Almost two-thirds of tenants hadn't had a rent increase in the year before answering the survey. Rent increased for the rest by an average of $162, or 16%. Such an increase is enough for rent to take up more than half of income for roughly 32,000 more renting households in Philadelphia, according to researchers.

Past evictions make renting more difficult

Of the roughly 2,000 renters who answered survey questions outside of the rental assistance program, about 14% said they had been evicted through the court process in the past. More than half were women and almost half had a disability.

Four out of five of the renters who reported evictions said they later had rental applications denied because of those evictions. Evictions lead to higher chances of housing instability, homelessness, and physical and mental harm.

Asian and Indigenous households were the groups most likely to say they had been evicted through the courts, according to the report, "a particularly important finding given that many existing surveys often under sample these two groups."

Black households are more likely to experience more than one eviction.

Researchers found that in the year before the pandemic, illegal or informal evictions - those that did not happen through court processes - were about on par with the number of court-based evictions. That suggests that almost 20,000 renters in Philadelphia may face illegal eviction in a given year, according to the report.

Marrs, who isn't one of the report's authors, said researchers were happy for documentation of the prevalence of illegal and informal evictions, which by their nature are difficult to track. The report found that informal evictions, including landlords changing locks or shutting off utilities, increased during the pandemic after evictions in court temporarily stopped.

Renters worry about the quality of their homes

More than a third of survey respondents who had been evicted for nonpayment of rent said they stopped paying because their rental property owner wouldn't make repairs or had threatened or harassed them. The share of renters withholding rent because of concerns about habitability - about 20% - was a striking finding, Marrs said. It was the same share as those who didn't pay rent because of a change in their finances.

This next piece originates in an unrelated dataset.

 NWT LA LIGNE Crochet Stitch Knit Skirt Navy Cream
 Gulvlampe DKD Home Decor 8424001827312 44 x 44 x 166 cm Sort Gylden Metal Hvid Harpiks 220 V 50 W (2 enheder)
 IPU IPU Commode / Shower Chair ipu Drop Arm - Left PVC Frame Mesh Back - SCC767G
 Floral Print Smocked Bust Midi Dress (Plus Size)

The quality of rental housing has deteriorated during the pandemic as small landlords in particular struggled while not receiving rent. More rental property owners deferred maintenance, according to the results of a survey by Penn and Harvard researchers released last year.

More than four in five renters surveyed said they are worried about pests, mold, peeling paint, unaddressed repairs, and other issues of housing quality. Black and Asian households were more likely to face concerns with housing conditions.

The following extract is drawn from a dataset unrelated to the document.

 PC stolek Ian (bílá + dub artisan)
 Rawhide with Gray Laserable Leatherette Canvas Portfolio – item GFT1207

Renters with past evictions are more likely to have trouble getting landlords to make repairs and address housing quality concerns, Marrs said. This suggests a lower quality of housing that households with prior evictions are able to get.

Previous studies have tied inadequate housing to poor overall well-being and low quality of health, especially for Black and brown households.

"Thinking about housing as a health need is really important," Marrs said.